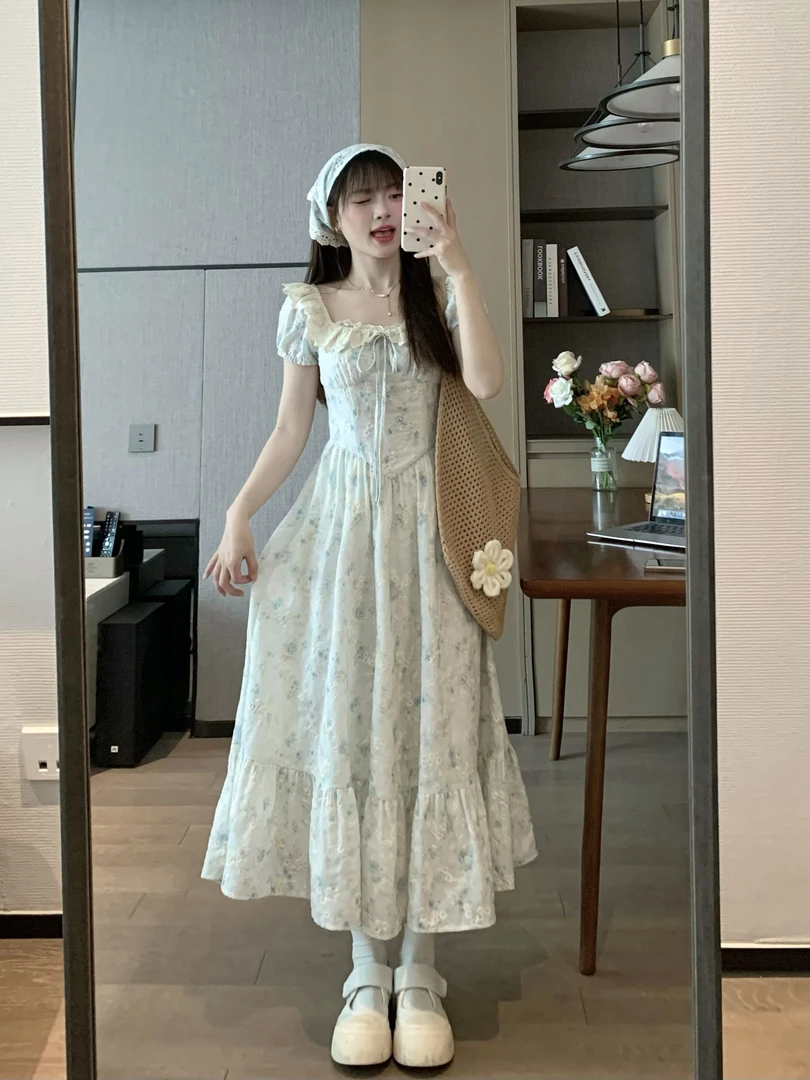 吾小画浅 气质重工刺绣复古仙女气质甜美连衣裙精致遮肉短袖裙子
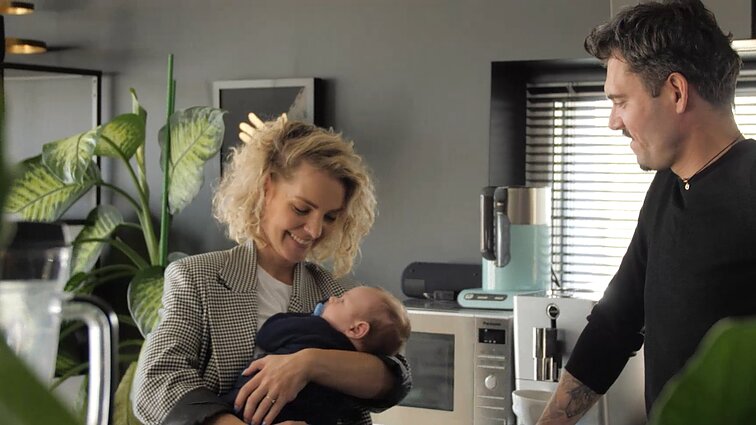 Gyvenimo tempą pristabdę Rimgailos džiaugiasi galėdami laiką skirti kūdikiui: joks darbas ar projektas to neatstos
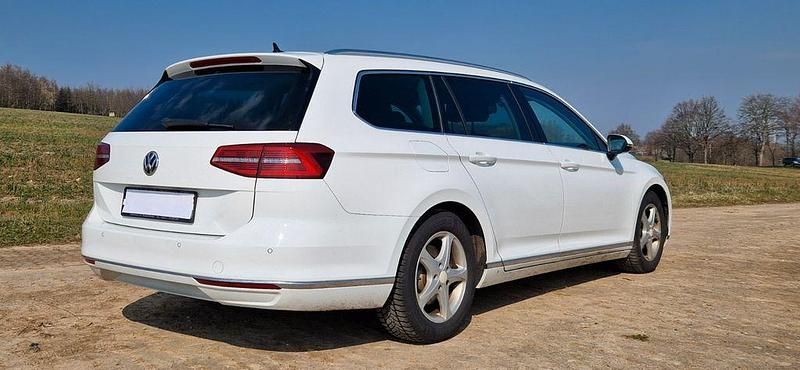 Gebraucht VW Passat Highline 150 PS (110 kW) 2015 Weiß Kombi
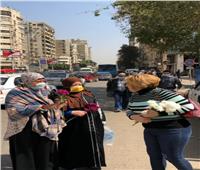في شارع التحرير.. زهور روسية لـ«المرأة المصرية»| صور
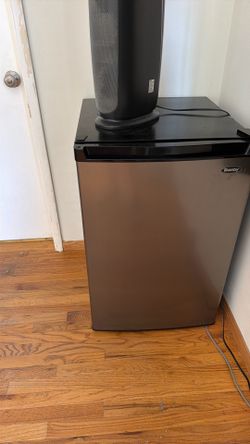 Mini fridge
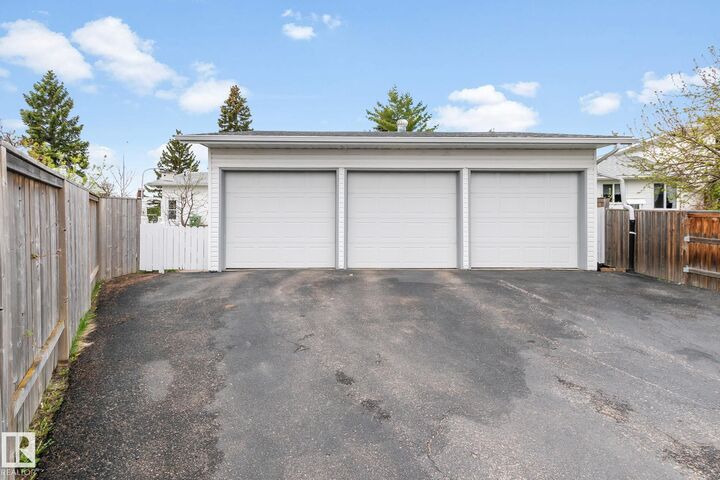 Property Photo:  4611 Lakeshore Drive  AB T9N 1P9 
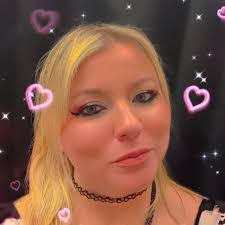 Ashley Lamore's Instagram, Twitter & Facebook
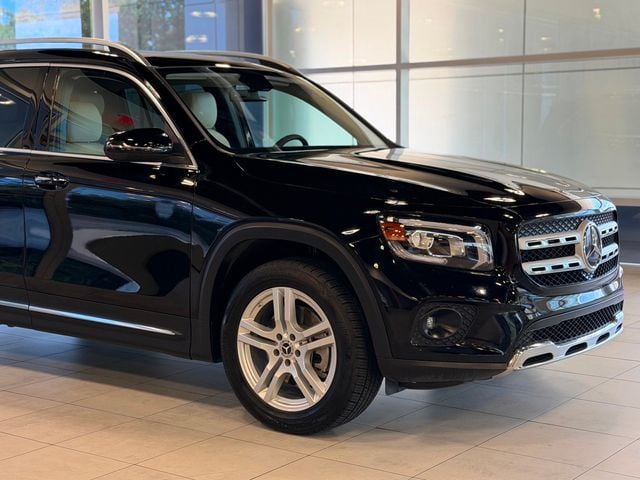 2023 Mercedes-Benz GLB GLB 250 4MATIC's photo
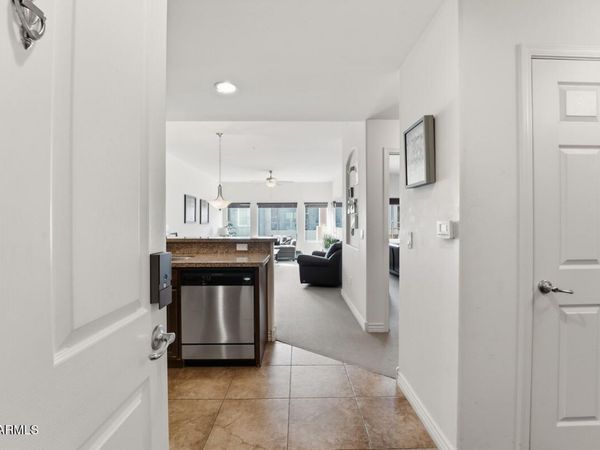 5350 E DEER VALLEY Drive, Unit 4401, Phoenix, AZ 85054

━━━━━━━━━━━━━━━━

- [PROBLEM]: Make an exact copy of the data above, pictures excluded.

- [YOUR RESPONSE]:
 吾小画浅 气质重工刺绣复古仙女气质甜美连衣裙精致遮肉短袖裙子
 Gyvenimo tempą pristabdę Rimgailos džiaugiasi galėdami laiką skirti kūdikiui: joks darbas ar projektas to neatstos
 Gebraucht VW Passat Highline 150 PS (110 kW) 2015 Weiß Kombi
في شارع التحرير.. زهور روسية لـ«المرأة المصرية»| صور
 Mini fridge
 Property Photo:  4611 Lakeshore Drive  AB T9N 1P9 
 Ashley Lamore's Instagram, Twitter & Facebook
 2023 Mercedes-Benz GLB GLB 250 4MATIC's photo
 5350 E DEER VALLEY Drive, Unit 4401, Phoenix, AZ 85054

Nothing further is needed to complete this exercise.